Even though Whyte hasn’t fought in an official WBC ordered eliminator fight, Hearn wants Dillian to get a mandatory shot against the winner of the May 18 fight between Wilder and Breazeale. The WBC is considering the request by Hearn, and they’re expected to make a decision soon. It’s quite likely that the WBC will order Whyte to fight Luis “King Kong” Ortiz in an eliminator, and say that the Wilder-Breazeale winner must face the winner of that match. Hearn feels that Whyte should be installed as the WBC mandatory for Wilder because he’s been ranked #1 by the sanctioning body for close to two years without getting a title shot ordered. However, Breazeale fought in an official WBC eliminator two years ago in 2017, and beat Eric Molina to earn the mandatory position. In the meantime, Whyte could have fought Ortiz in a secondary eliminator to put himself in position to be the next mandatory, but instead Dillian has been fighting the likes of Dereck Chisora, Joseph Parker, Lucas “Big Daddy’ Browne, Robert Helenius and Malcolm Tann. Fighting those guys didn’t do enough for Whyte to earn the mandatory spot. The reason for that is simple. None of them were ranked high enough with the World Boxing council. The guy that Hearn should have matched Whyte up with was the talented southpaw Luis “King Kong” Ortiz, but for some reason he didn’t make that fight. Hearn and Whyte both mentioned Ortiz’s name, but instead went with the safe fights against journeyman Chisora, Tann, Helenius, Browne and Parker. Hearn could have saved Whyte a lot of trouble if he’d ignored those guys and instead matched him against Ortiz. Hindsight is 20-20 though. Hearn could have made the fight between Whyte and Ortiz, but he chose what arguably the softer path for Dillian in putting him in against Chisora, Helenius, Tann, Browne and Parker. Was this a mistake on Hearn’s part? Ah, yeah, Gilfoid would say so.

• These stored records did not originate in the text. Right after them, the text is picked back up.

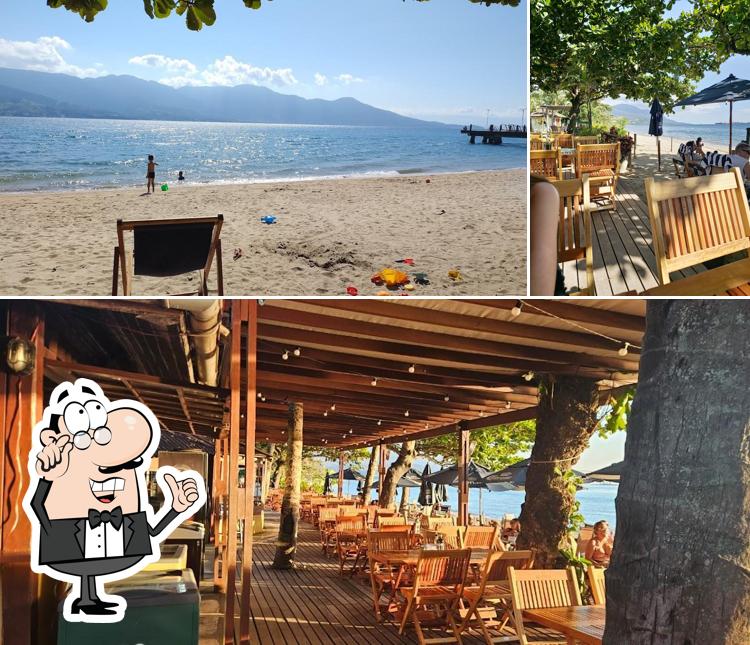 Sente em uma das mesas no Restaurante Porto do Engenho - Ilhabela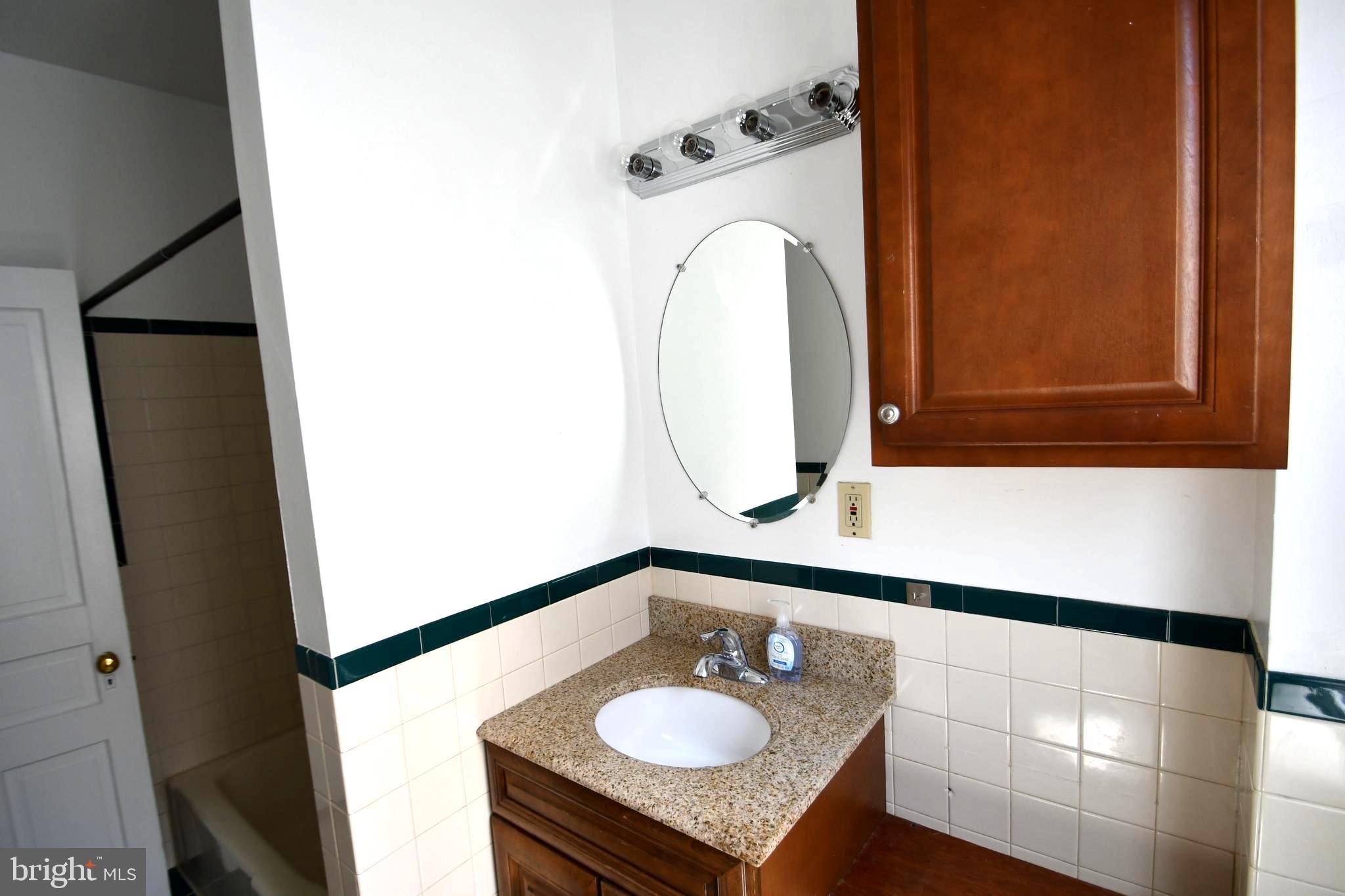 ORELAND - Residential Lease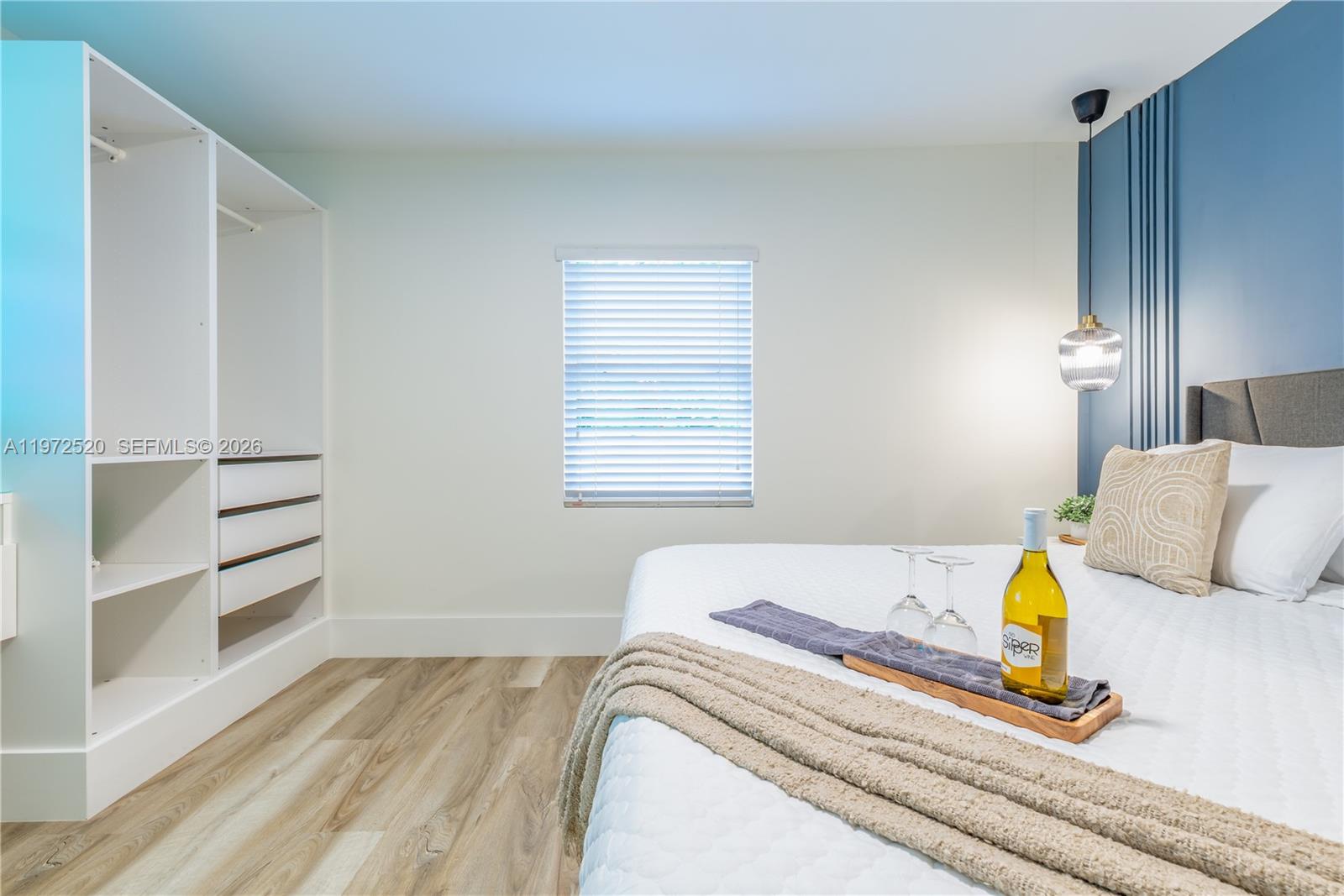   /  1058 кв.футов $ 2026-02-26 0 Фото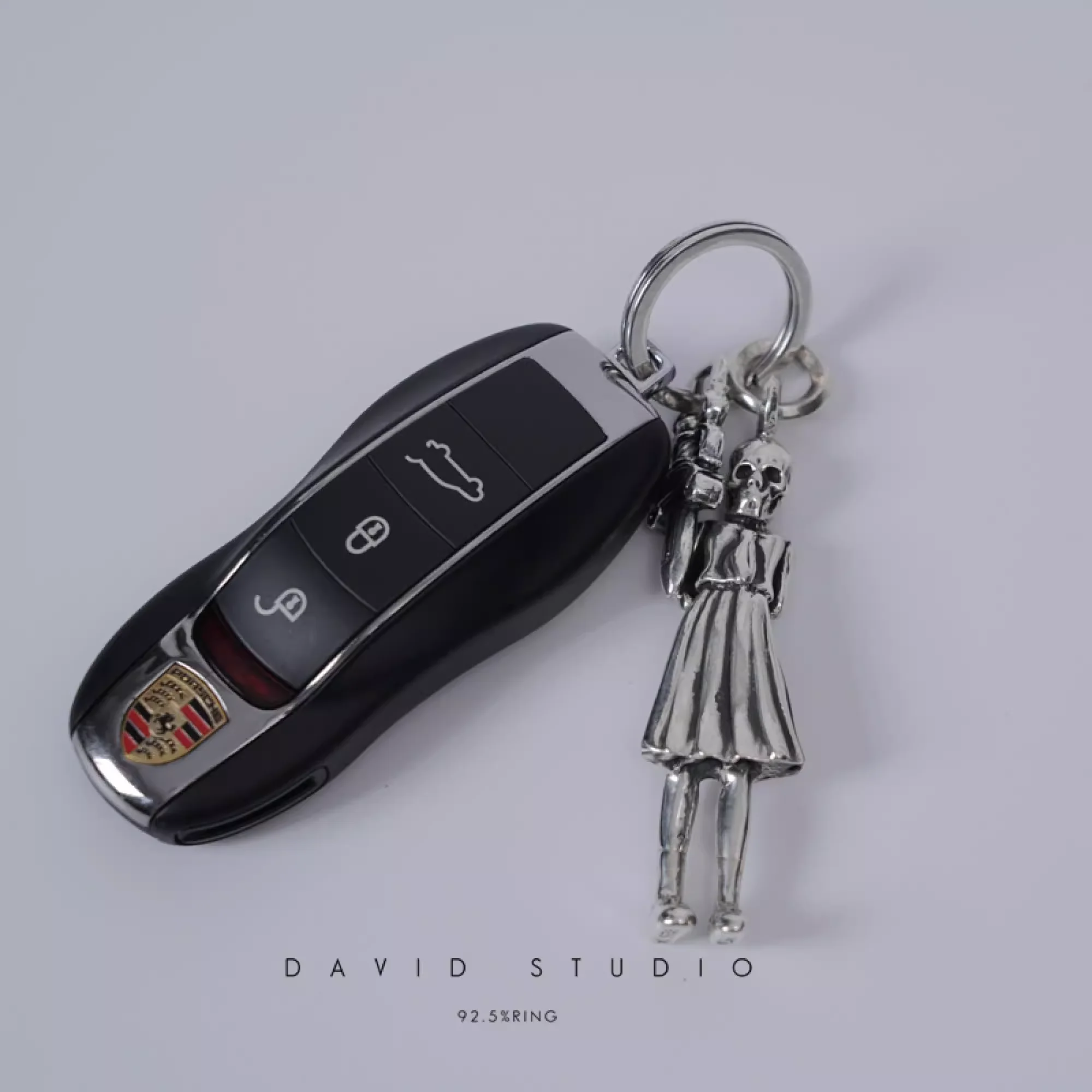 CHROME HEARTS FOTI SKIPPY AND DAGGER KEY RING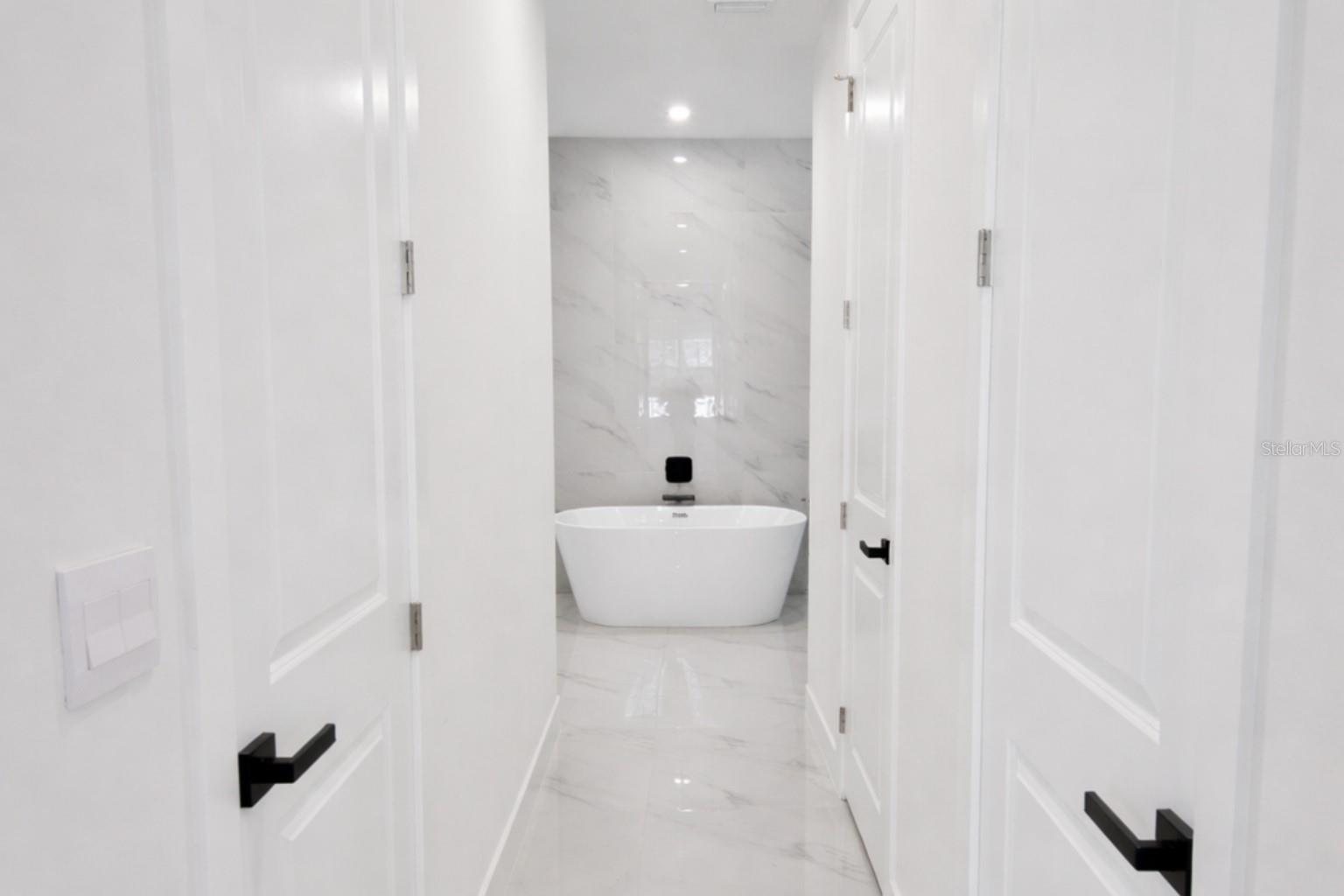 Image 18 of 35 For 2853 3rd Street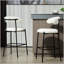 Tabouret de bar 26 po à hauteur de comptoir avec housse en tissu Teddy et îlot de cuisine avec base thermolaquée noire et repose-pieds-487759145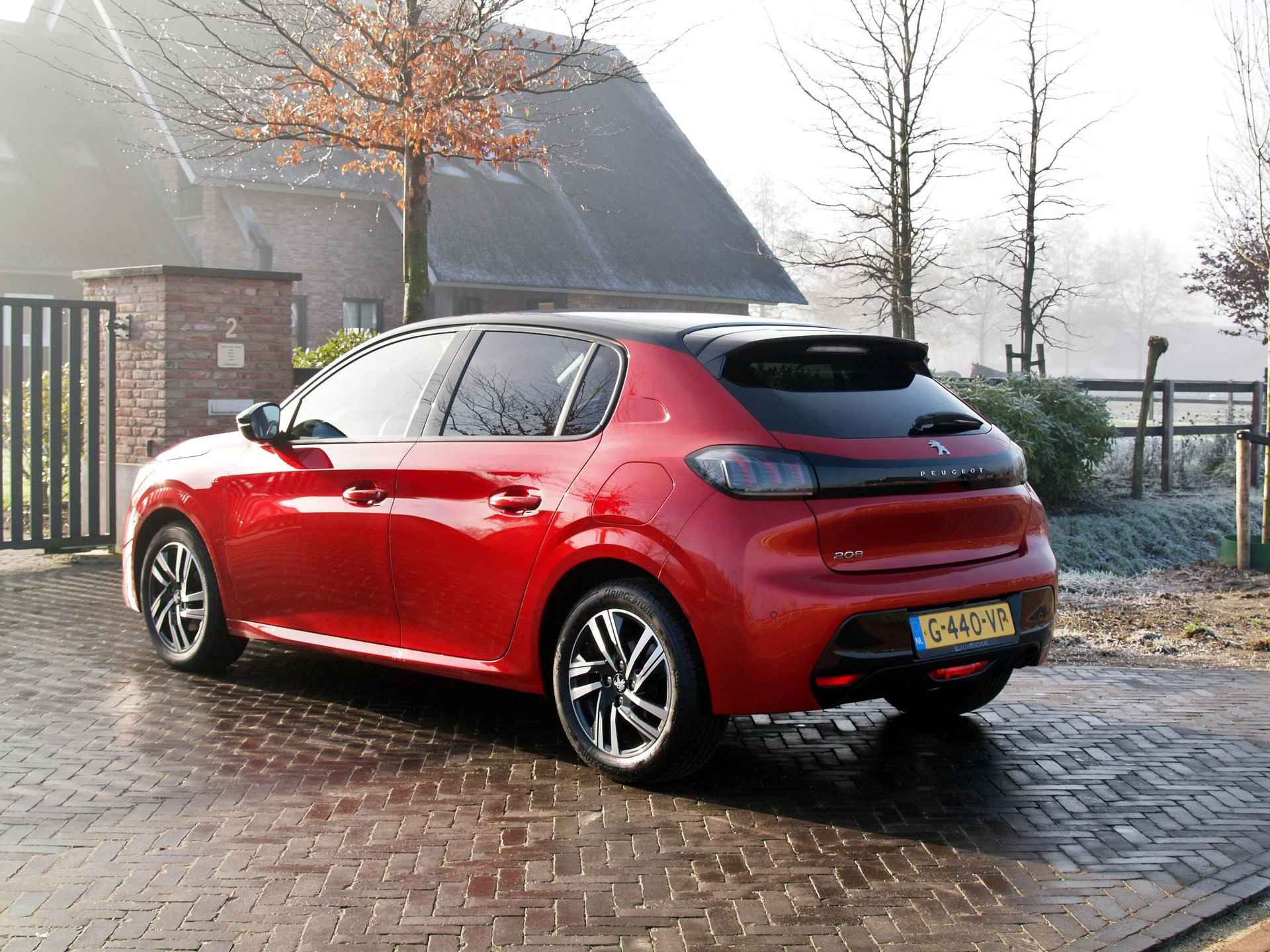 Peugeot 208 1.2 PureTech Blue Lease Allure | 100 PK | Two-Tone | Achteruitrijcamera | Navigatie | - 8/31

Wilder has other options for exciting fights after the title defense against Breazeale. There’s a rematch with Tyson Fury, and you never know if Wladimir Klitschko will come back and want a fight with Deontay as well. I mean, those are a heck of a lot bigger fights for Wilder than a simple title defense against Dillian Whyte, who struggled mightily in his two fights against Dereck Chisora. Whyte appeared to lose the first fight against Chisora in 2016, and in the rematch last December, he looked like he was going to lose that one too, but the referee took over and started penalizing Chisora left and fight. Chisora lost his cool in the 11th after being penalized, and Whyte took advantage of it by knocking him out. With a referee that took a more hands off approach to officiating the fight, Chisora might have won that fight. If Whyte can’t even beat Chisora in a decisive way, then how is Whyte expected to have a chance against Wilder?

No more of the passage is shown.